The moving expense deduction is not allowed through 2025 and the exclusion from income of moving expense reimbursements from an employer is also suspended. The only exception is for active military service members who move pursuant to a military order to a new permanent duty station.
Deduction for Qualified Business Income
For 2019, the threshold amount is $321,400 for Married Filing Jointly returns, $160,725 for Married Filing Separately returns, and $160,700 for Single and Head of Household returns.

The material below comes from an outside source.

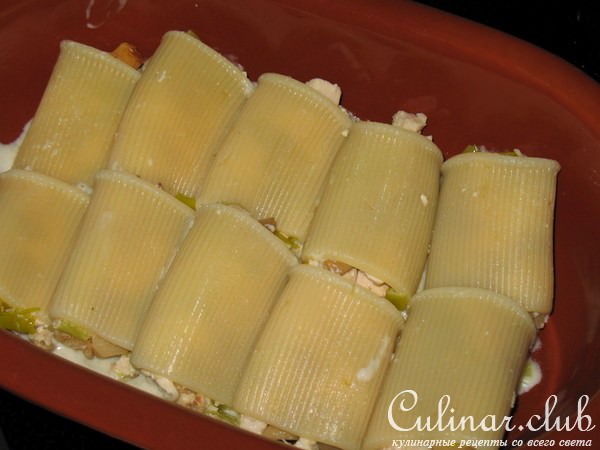 Канеллони с курицей и грибами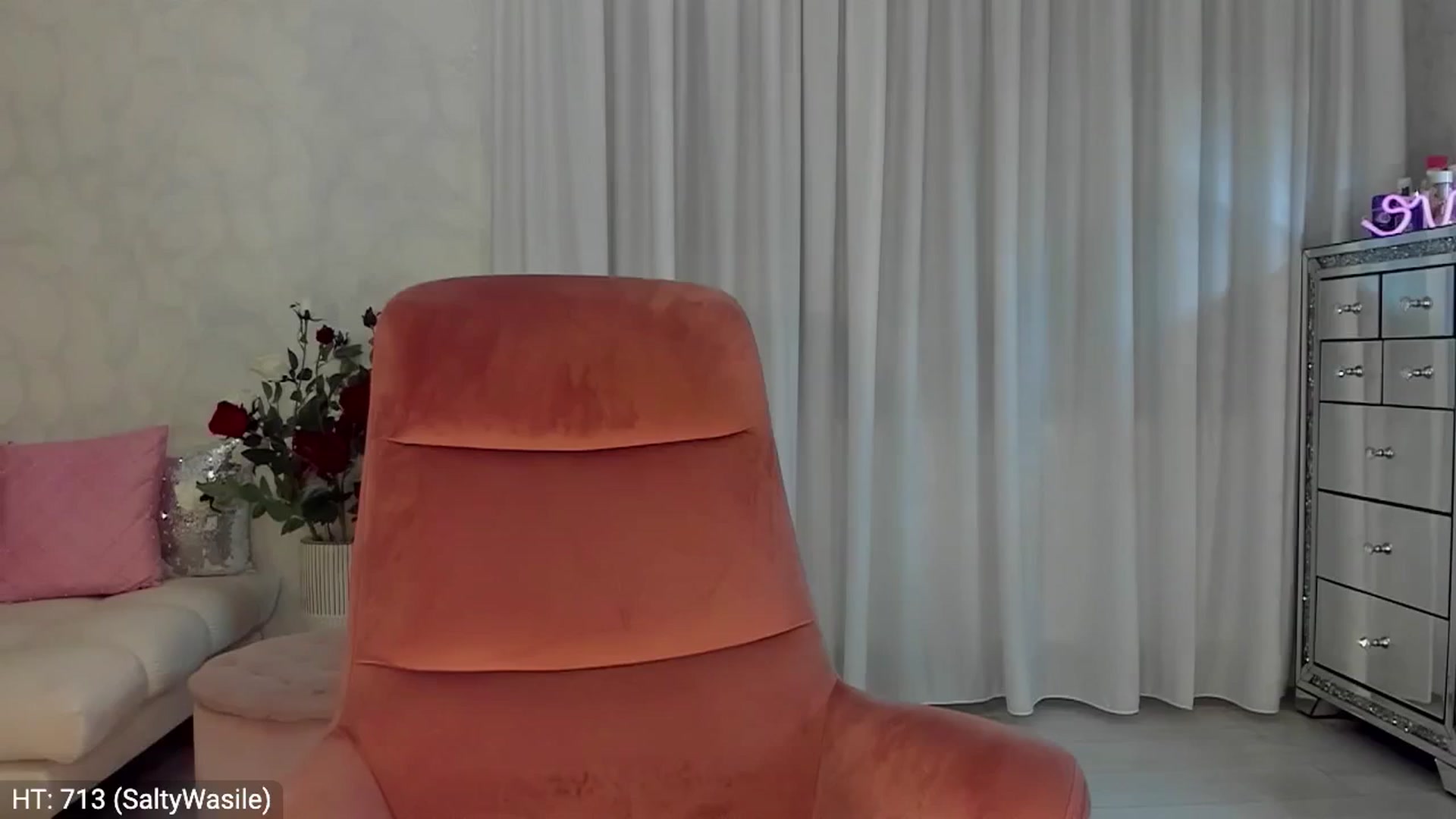 Gallery image thumbnail from MissButterfly's myfreecams stream on, 09/19/2024, 01:32 image 20 of 20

Retirement Savings Contribution Credit
In order to claim this credit, the taxpayer’s modified adjusted gross income (MAGI) must not be more than $32,000 for Single, Married Filing Separately, or Qualifying Widower (increase of $500). MAGI must not be more than $48,000 (increase of $750) for Head of Household, and $64,000 (increase of $1,000) for Married Filing Jointly.
Child Tax Credit
The maximum credit per qualifying child is $2,000. The definition of a qualifying child has not changed. The refundable amount of the credit is limited to $1,400 per qualifying child.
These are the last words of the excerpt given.